Karp estimated AI could make him “20x wealthier,” implying a fortune approaching $300 billion. Middle-class workers, he said, might simply see their salaries double over the next decade. Karp slammed the disparity as a “complete decoupling of unimaginable wealth and normal wealth.”

For Karp, the problem isn’t just the scale of the wealth—it’s who is likely to accumulate it.

“It’s done by people you don’t really relate to, like very oddly shaped IQ specimens that you probably wouldn’t want to have over for dinner,” Karp said. “And if they were over for dinner you’d have nothing to talk to them about, and vice versa.”

Many of the same people who stand to benefit the most from AI are also overselling its promise, he added: “The overselling of AI in this country is really somewhat disconcerting, but it’s also depressing because you don’t have to do it.”

Income inequality has been widening for generations—and 2025 was a record-breaking year for billionaire wealth

Wealth inequality has been a topic of debate for decades, with the richest households capturing an ever-larger share of economic gains, while wage growth for many workers has remained comparatively modest. 

The AI boom has only accelerated that trend. In 2025, global billionaire wealth surged by over 16%—three times faster than the previous five-year average—to $18.3 trillion, its highest level in history, according to Oxfam.

No one has embodied that explosion in wealth more than Elon Musk. The Tesla and SpaceX CEO’s fortune currently stands at roughly $833 billion after he briefly became the world’s first trillionaire earlier this year.

The scale of that wealth is almost difficult to comprehend. 

Oxfam estimated that someone with a $1 trillion fortune could pay a 10% wealth tax—roughly $100 billion—and still remain among the richest people on Earth. The organization also estimated that $100 billion would be enough to lift more than 800 million people out of extreme poverty for a year.

Even Jamie Dimon and Larry Fink share Karp’s concerns about workers being left behind

Karp hasn’t been the only leader to sound the alarm about rising income inequality.

BlackRock CEO Larry Fink, whose net worth is estimated at $1.3 billion, warned earlier this year that AI risks leaving much of the world behind if its benefits remain concentrated among a small number of winners.

“Since the fall of the Berlin Wall, more wealth has been created than in any time prior in human history, but in advanced economies, that wealth has accrued to a far narrower share of people than any healthy society can ultimately sustain,” Fink said at the World Economic Forum in Davos, Switzerland.

“Early gains are flowing to the owners of models, owners of data and owners of infrastructure,” Fink added. “The open question: What happens to everyone else if AI does to white-collar workers what globalization did to blue-collar workers? We need to confront that today directly. It is not about the future. The future is now.” 

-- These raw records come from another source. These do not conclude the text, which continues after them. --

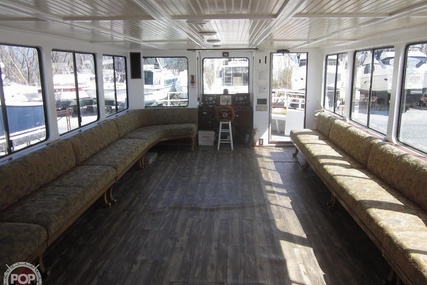 Skipperliner 45 Riverboat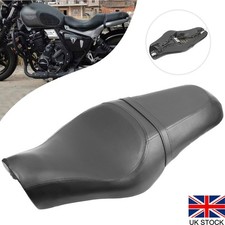 Motorcycle Driver & Rear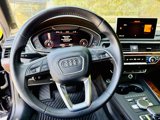 Used 2017 Audi A4 2.0T allroad Premium Plus w/ Technology Package image 5
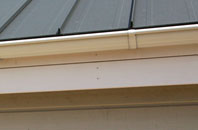 Quixhill soffit repair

Nobel Prize-winning computer scientist Geoffrey Hinton—often dubbed the “Godfather of AI”—has voiced similar concerns.

“What’s actually going to happen is rich people are going to use AI to replace workers,” Hinton said last year. “It’s going to create massive unemployment and a huge rise in profits. It will make a few people much richer and most people poorer. That’s not AI’s fault, that is the capitalist system.”

JPMorgan Chase CEO Jamie Dimon, however, has taken a more measured view. While he questioned some of the rhetoric surrounding inequality, he has acknowledged many lower-income Americans face hardships.

“If you were the average citizen here and you say, ‘These wealthy people are getting unbelievably wealthy, and this segment’s been left behind,’ that’s kind of annoying.”

He added to Axios that “we have, in fact, left the lower-income folks behind.”